Pictures with short captions:

◇ ◇ ◇ ◇ ◇

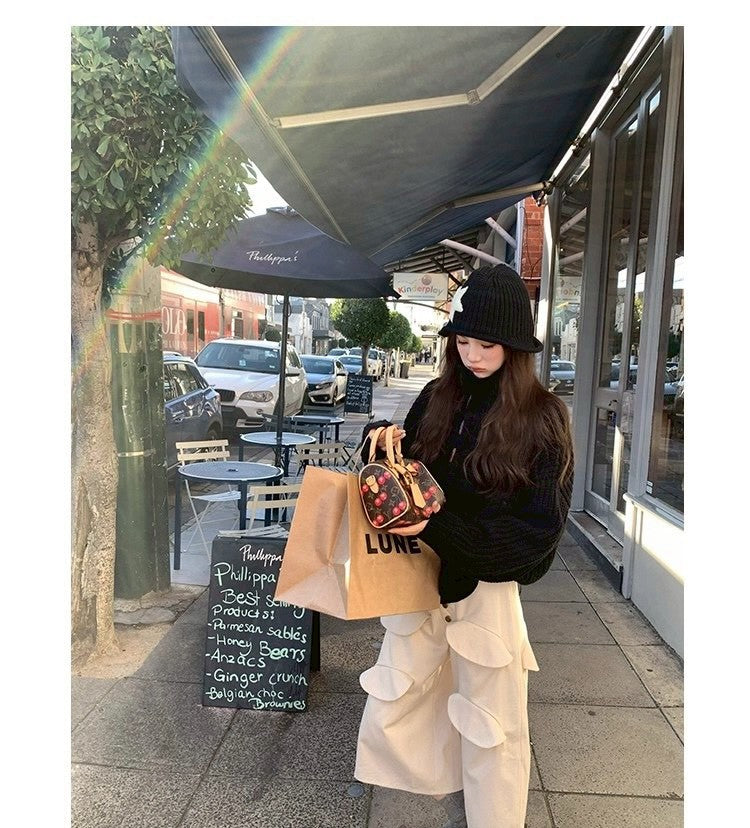 Thu. 濟州橙酒 厚麻花鈕扣高領針織上衣 黑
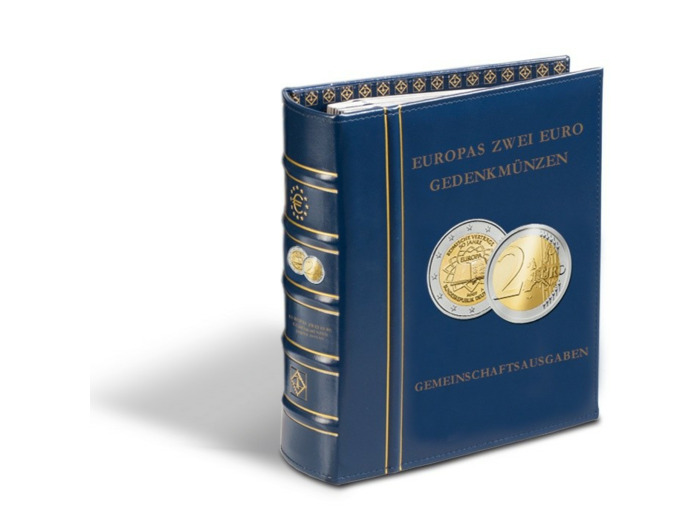 ALBUM PREIMPRIME CLASSIC OPTIMA 2 EURO COMMEMO. EMISSIONS CONJOINTES BLEU 343382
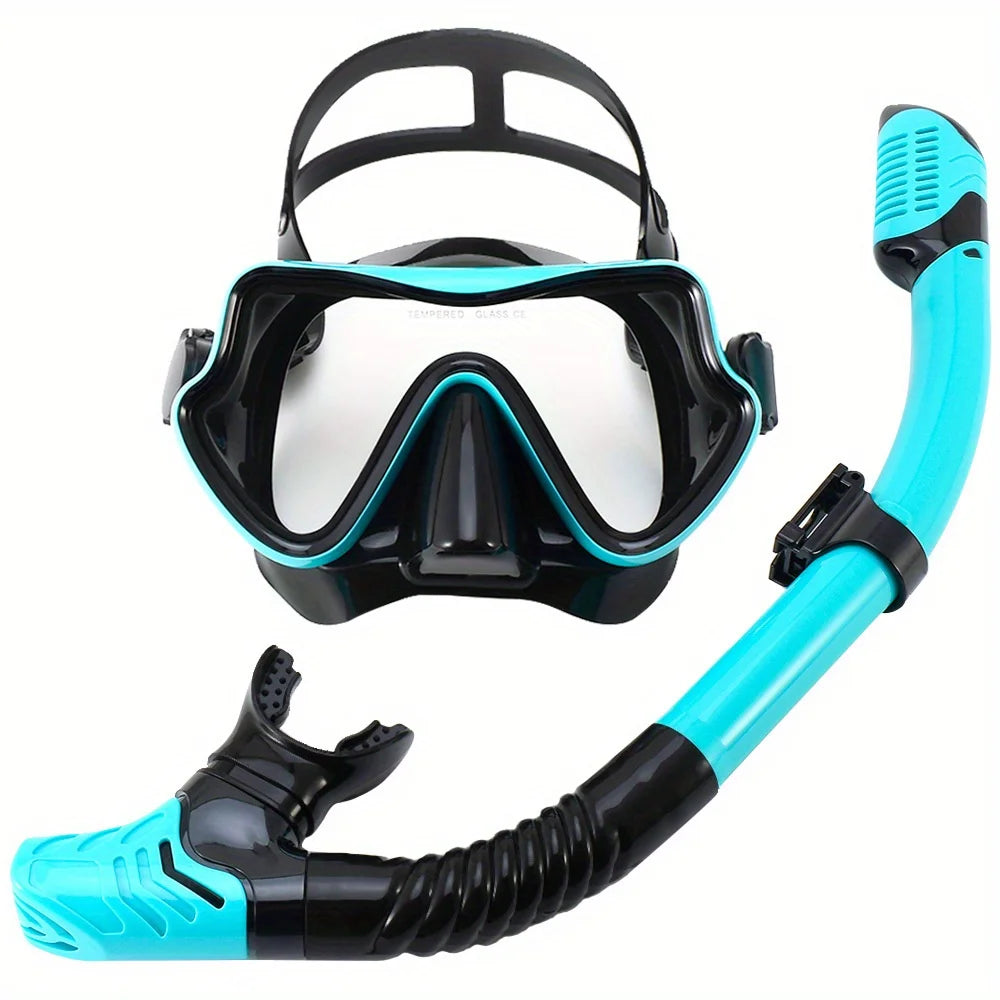 Professionele snorkelset voor volwassenen met panoramisch zicht en gehard glas 12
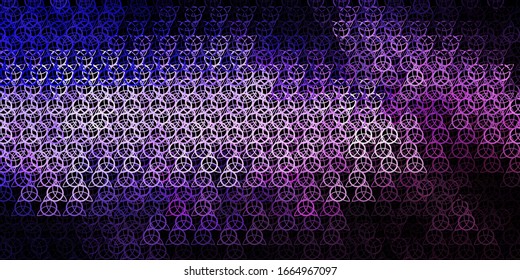 Dark Purple vector texture with religion symbols. Retro design in abstract style with witchcraft forms. Design for magic, spiritual events.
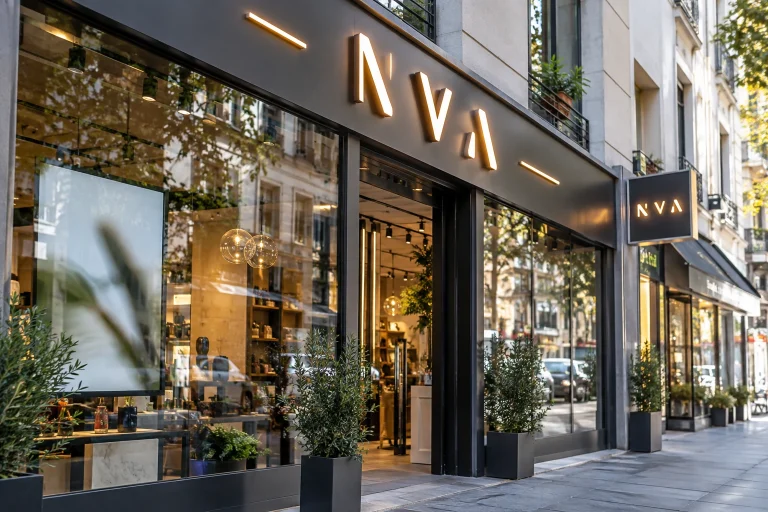 Façade de commerce avec enseigne extérieure en journée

◇ ◇ ◇ ◇ ◇

- _PROBLEM STATEMENT_: The entries need to be restated exactly, and their pictures left out.

- _RESULT OF THIS TASK_:
 Thu. 濟州橙酒 厚麻花鈕扣高領針織上衣 黑
 ALBUM PREIMPRIME CLASSIC OPTIMA 2 EURO COMMEMO. EMISSIONS CONJOINTES BLEU 343382
 Professionele snorkelset voor volwassenen met panoramisch zicht en gehard glas 12
 Dark Purple vector texture with religion symbols. Retro design in abstract style with witchcraft forms. Design for magic, spiritual events.
 Façade de commerce avec enseigne extérieure en journée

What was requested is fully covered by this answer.